Shortest Job First (non-preemptive). Each thread's run-times are known in advance. The shortest job is run first.

However, runtimes are usually not available in advance. We may compute CPU burst estimates based on heuristics, or by user-supplied estimates.

1.4 SRT

Shortest Remaining Time is the preemptive version of shortest job first. Choose process whose remaining time is shortest. When a new process arrives with an execution time less than the remaining time of the current process, preempt the current process. Allows new short jobs to get good service.

1.5 Fair-Share RR

Fair-share scheduling is a generalization of round-robin.
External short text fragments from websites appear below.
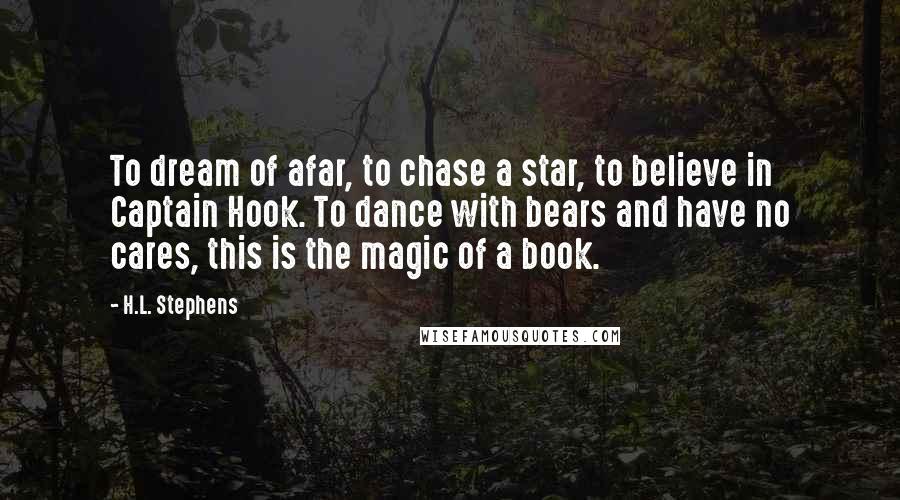 H.L. Stephens Quotes: To dream of afar, to chase a star, to believe in Captain Hook. To dance with bears and have no cares, this is the magic of a book.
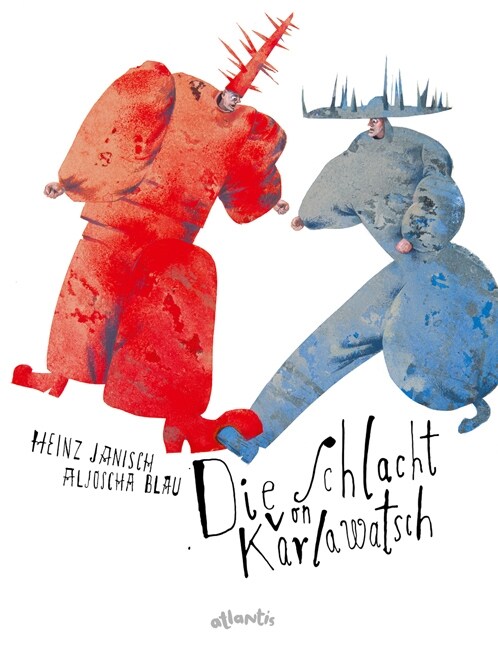 Die Schlacht von Karlawatsch (Hardcover)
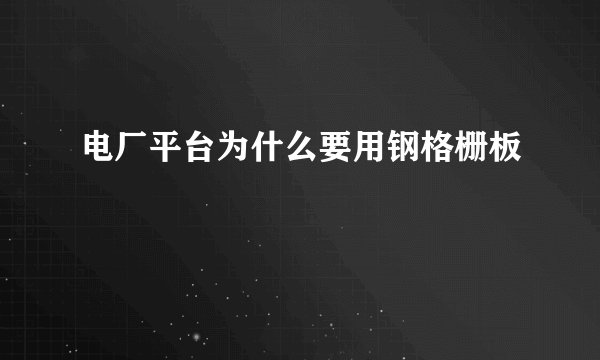 电厂平台为什么要用钢格栅板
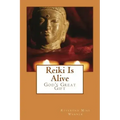 Reiki Is Alive: God's Great Gift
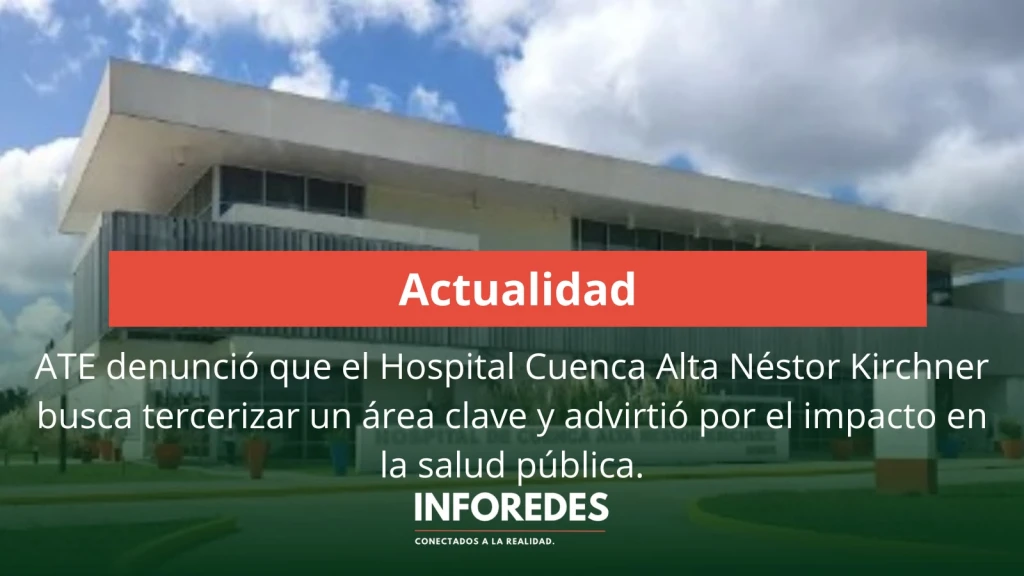 ATE denunció que el Hospital Cuenca Alta Néstor Kirchner busca tercerizar un área clave y advirtió por el impacto en la salud pública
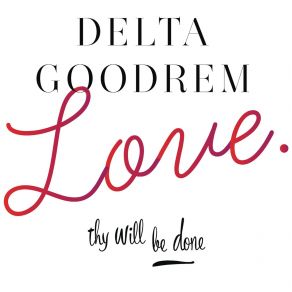 Download track Love Thy Will Be Done Delta Goodrem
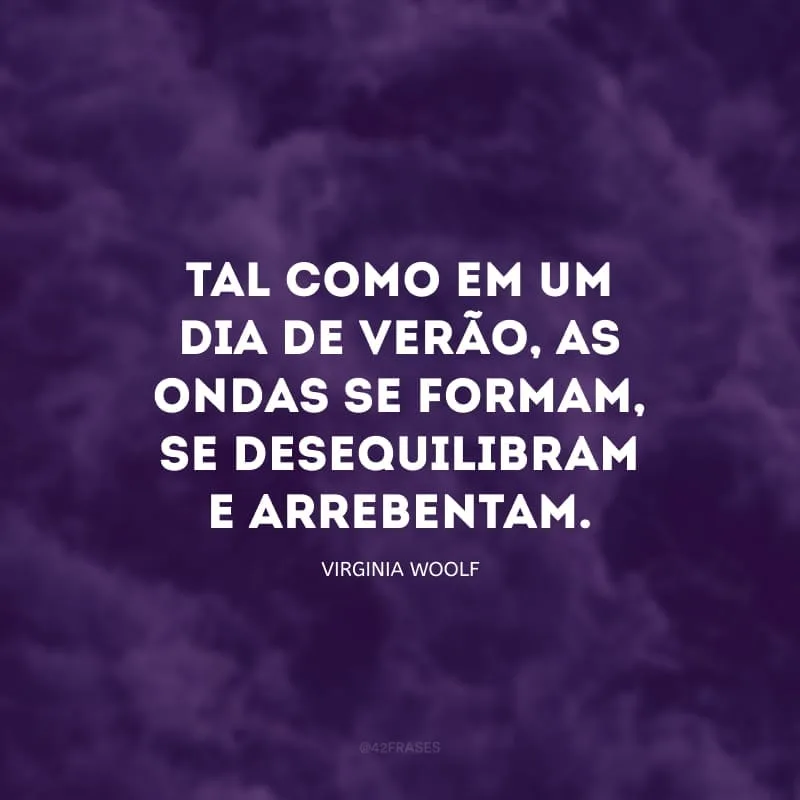 Tal como em um dia de verão, as ondas se formam, se desequilibram e arrebentam; se formam e arrebentam; e o mundo todo parece estar dizendo ‘isso é tudo’, de modo cada vez mais grave, até que mesmo o coração pulsando no corpo estendido na praia sob o sol também diz: isso é tudo.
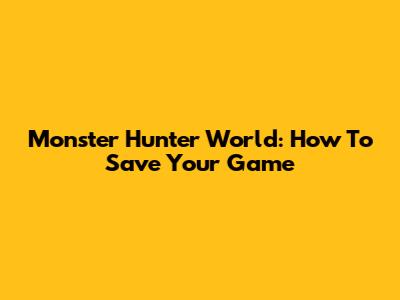 Monster Hunter World: How To Save Your Game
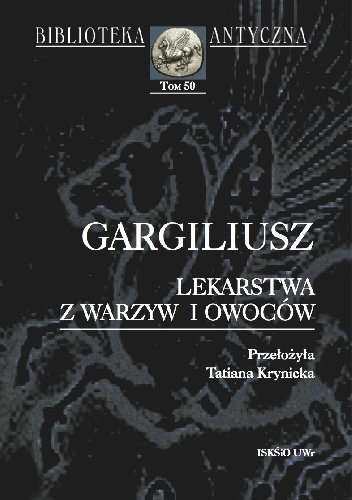 Lekarstwa z warzyw i owoców - Gargiliusz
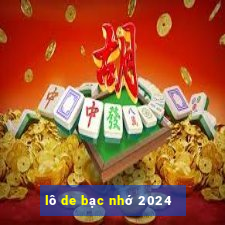 lô de bạc nhớ 2024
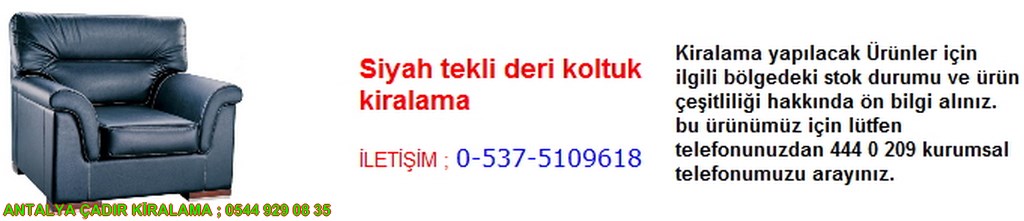 antalya siyah tekli deri koltuk kiralama iletişim ; 0544 929 08 35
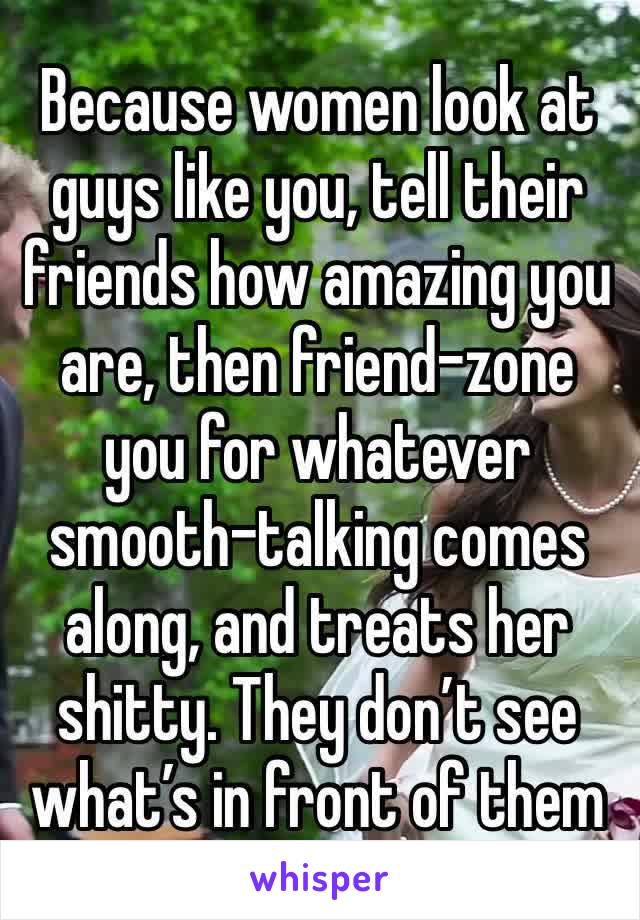 Because women look at guys like you, tell their friends how amazing you are, then friend-zone you for whatever smooth-talking comes along, and treats her shitty. They don’t see what’s in front of them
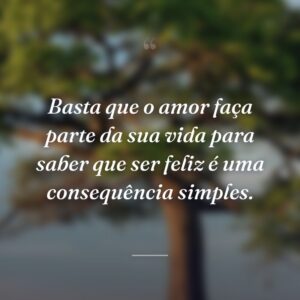 Basta que o amor faça parte da sua vida para saber que ser feliz é uma consequência simples.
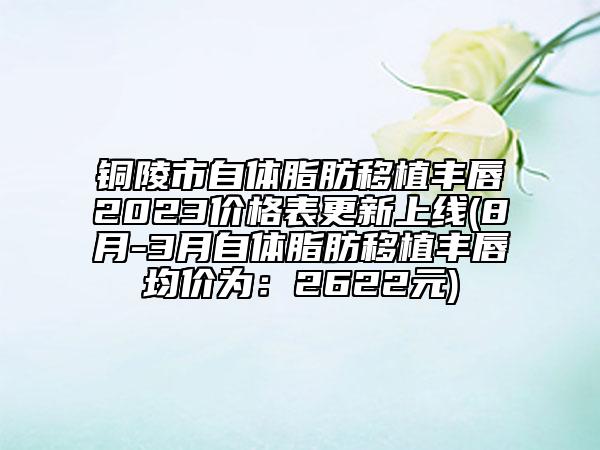 銅陵市自體脂肪移植豐唇2023價(jià)格表更新上線(8月-3月自體脂肪移植豐唇均價(jià)為：2622元)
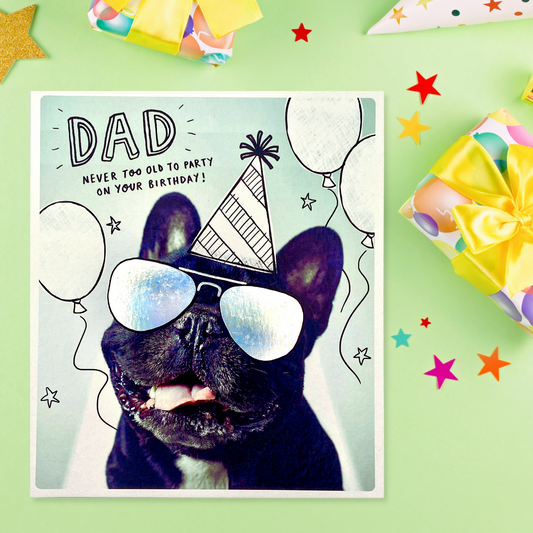 Dad Never Too Old To Party On Your Birthday Card Front Image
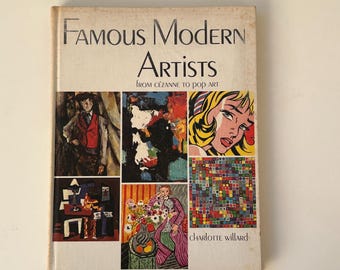Famous Modern Artists: From Cezanne to Pop Art (Hardcover) First Edition 1971 Vintage Art Book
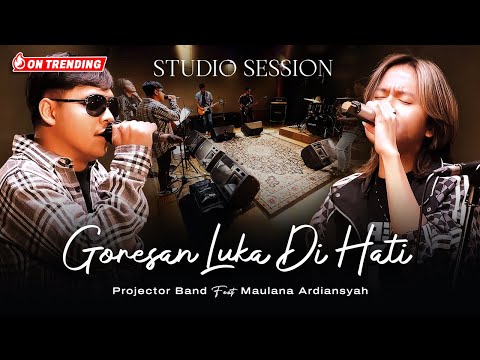 Projector Band Ft. Maulana Ardiansyah - Goresan Luka Di Hati (Live Studio Session)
Users are assigned some fraction of the CPU. Within each user, round-robin is used.

1.6 Priority

Jobs are run based on their priority. Always run the job with the highest priority. Priorities can be externally defined (by the user) or based on some process-specific metrics (e.g. their expected CPU burst).

Priorities can be static or dynamic:

• Static: Priority does not change.
• Dynamic: Priority changes based on the behavior of the process.

2. General Purpose Scheduling

We want to:

• Favour short and I/O bound jobs for good resource utilisation and short response times.
• Quickly tdetermine the nature of a job and adapt to changes.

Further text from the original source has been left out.